Sir John Scarlett: Recruited Litvinenko for MI6
Revealed: Poisoned ex-Russian spy Litvinenko WAS a paid-up MI6 agent
EXCLUSIVE by STEPHEN WRIGHT and DAVID WILLIAMS
Daily Mail
27th October 2007
The former Russian spy poisoned in a London hotel was an MI6 agent, the Daily Mail can reveal.
Alexander Litvinenko was receiving a retainer of around £2,000 a month from the British security services at the time he was murdered.
The disclosure, by diplomatic and intelligence sources, is the latest twist in the Litvinenko affair, which has plunged relations between London and Moscow to their lowest point since the Cold War.
On the day of the poisoning, November 1, former KGB agent Mr Litvinenko met prime suspect Andrei Lugovoy at the Millennium Hotel in Grosvenor Square, London.
Mr Lugovoy claims that Mr Litvinenko tried to recruit him to supply information to MI6.
The businessman, another former KGB agent, also alleged that his ex-colleague asked him to find candidates for political asylum here. He left Britain for Russia soon after, and has never returned.
Mr Litvinenko had defected to Britain in 2000 and was granted political asylum the following year with his wife Marina, 44, and son Anatoly, 12.
It is understood that Sir John Scarlett, now the head of MI6 and once based in Moscow, was involved in recruiting him to the Secret Intelligence Service.
The fact that the 43-year-old ex-Russian spy was actually working for Britain when he died could provide the key to his extraordinary killing.
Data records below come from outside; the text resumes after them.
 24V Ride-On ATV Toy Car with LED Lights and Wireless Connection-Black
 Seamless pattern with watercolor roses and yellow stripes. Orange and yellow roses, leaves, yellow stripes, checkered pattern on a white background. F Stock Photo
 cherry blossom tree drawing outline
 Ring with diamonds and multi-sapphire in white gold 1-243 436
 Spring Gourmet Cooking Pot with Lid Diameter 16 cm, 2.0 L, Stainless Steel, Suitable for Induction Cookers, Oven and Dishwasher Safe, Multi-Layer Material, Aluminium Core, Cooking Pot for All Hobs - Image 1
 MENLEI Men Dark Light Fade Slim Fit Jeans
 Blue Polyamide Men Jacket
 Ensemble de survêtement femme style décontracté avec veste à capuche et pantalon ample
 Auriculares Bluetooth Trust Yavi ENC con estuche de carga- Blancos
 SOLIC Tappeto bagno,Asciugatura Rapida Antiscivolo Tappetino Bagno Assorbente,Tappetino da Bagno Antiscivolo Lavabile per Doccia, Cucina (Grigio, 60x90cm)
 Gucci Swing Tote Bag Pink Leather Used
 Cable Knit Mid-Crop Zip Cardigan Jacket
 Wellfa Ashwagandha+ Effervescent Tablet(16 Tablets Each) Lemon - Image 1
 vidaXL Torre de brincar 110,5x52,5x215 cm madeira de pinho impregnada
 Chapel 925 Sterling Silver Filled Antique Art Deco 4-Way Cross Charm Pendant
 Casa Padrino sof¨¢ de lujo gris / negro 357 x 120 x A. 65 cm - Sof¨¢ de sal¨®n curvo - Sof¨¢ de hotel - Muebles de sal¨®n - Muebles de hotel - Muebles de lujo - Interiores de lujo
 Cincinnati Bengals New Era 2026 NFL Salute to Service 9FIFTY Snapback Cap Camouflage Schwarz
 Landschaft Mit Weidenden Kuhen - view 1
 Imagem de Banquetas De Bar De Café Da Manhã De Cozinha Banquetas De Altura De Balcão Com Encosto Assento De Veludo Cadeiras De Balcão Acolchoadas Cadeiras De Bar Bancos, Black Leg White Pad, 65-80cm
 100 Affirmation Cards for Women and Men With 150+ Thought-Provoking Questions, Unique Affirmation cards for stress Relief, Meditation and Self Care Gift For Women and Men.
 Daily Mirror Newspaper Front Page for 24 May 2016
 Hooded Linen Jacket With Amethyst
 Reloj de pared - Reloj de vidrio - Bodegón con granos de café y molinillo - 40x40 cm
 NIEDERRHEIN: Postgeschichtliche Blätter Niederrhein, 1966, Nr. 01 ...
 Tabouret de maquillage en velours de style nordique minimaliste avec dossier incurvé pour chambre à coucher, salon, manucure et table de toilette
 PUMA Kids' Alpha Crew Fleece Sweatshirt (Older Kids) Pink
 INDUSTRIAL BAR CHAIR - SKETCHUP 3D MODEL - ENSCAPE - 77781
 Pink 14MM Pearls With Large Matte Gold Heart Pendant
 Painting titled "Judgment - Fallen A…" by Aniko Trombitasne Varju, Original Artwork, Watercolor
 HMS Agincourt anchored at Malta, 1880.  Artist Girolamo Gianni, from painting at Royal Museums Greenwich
After an exhaustive Scotland Yard investigation, the Crown Prosecution Service announced earlier this year that there was sufficient evidence to charge Mr Lugovoy with 'deliberate poisoning'.
Britain has called for his extradition so he can stand trial at the Old Bailey, but the Kremlin refused the request in July.
In an echo of the Cold War era, Britain then expelled four Russian diplomats from London.
Days later, Moscow responded with a tit-for-tat expulsion of four Britons.
Intelligence sources have told the Daily Mail that they do not expect a trial will ever take place.
They also said there remains a 'perceived threat' against Mrs Litvinenko, who lives with her son at a safe house in the Home Counties.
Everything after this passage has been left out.